Mediterranean Barley Salad
Yield: 12 servings
- 4 cups water
- 1 cup barley, rinsed
- 4 tablespoon olive oil
- 1 ½ teaspoons kosher salt
- 2 lemons, juiced
- 2 tablespoons red wine vinegar
- 1 tablespoon honey
- 1 teaspoon dried oregano
- ½ cup Kalamata olives, pitted and chopped
- ¼ cup sun dried tomatoes, chopped
- ½ English cucumber, medium diced
- 1 cup flat leaf parsley, chopped
- Bring water to a boil in a medium saucepan
- Add barley, 1 tablespoon olive oil and 1 teaspoon salt. Bring back to a boil. Adjust heat to maintain gentle simmer, cover and cook until tender, about 30 minutes.
- Remove from heat and let stand, covered, for 10 more minutes.
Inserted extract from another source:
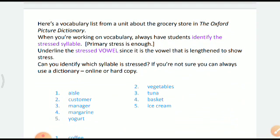Here is a vocabulary list from the unit about the grocery store in the Oxford Picture Dictionary. When you are working on vocabulary, you should always be able to identify the stressed syllable and underline the stressed vowel. Since it is the vowel that is lengthened to show the stress, can you identify which syllable is stressed? If you are not sure, you can always use a dictionary — a good dictionary like Oxford will have a stress mark on these words.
- Drain excess liquid if needed. Cool.
- In a large serving bowl, whisk the lemon juice, red wine vinegar, honey and the remaining ½ teaspoon salt.
- Gradually whisk in the remaining oil in a steady stream.
- Add cooled barley and the oregano, olives, tomatoes, cucumber and parsley. Toss, season and serve.
Recipes by Leah Pryor, Executive Chef, University of Vermont Medical Center.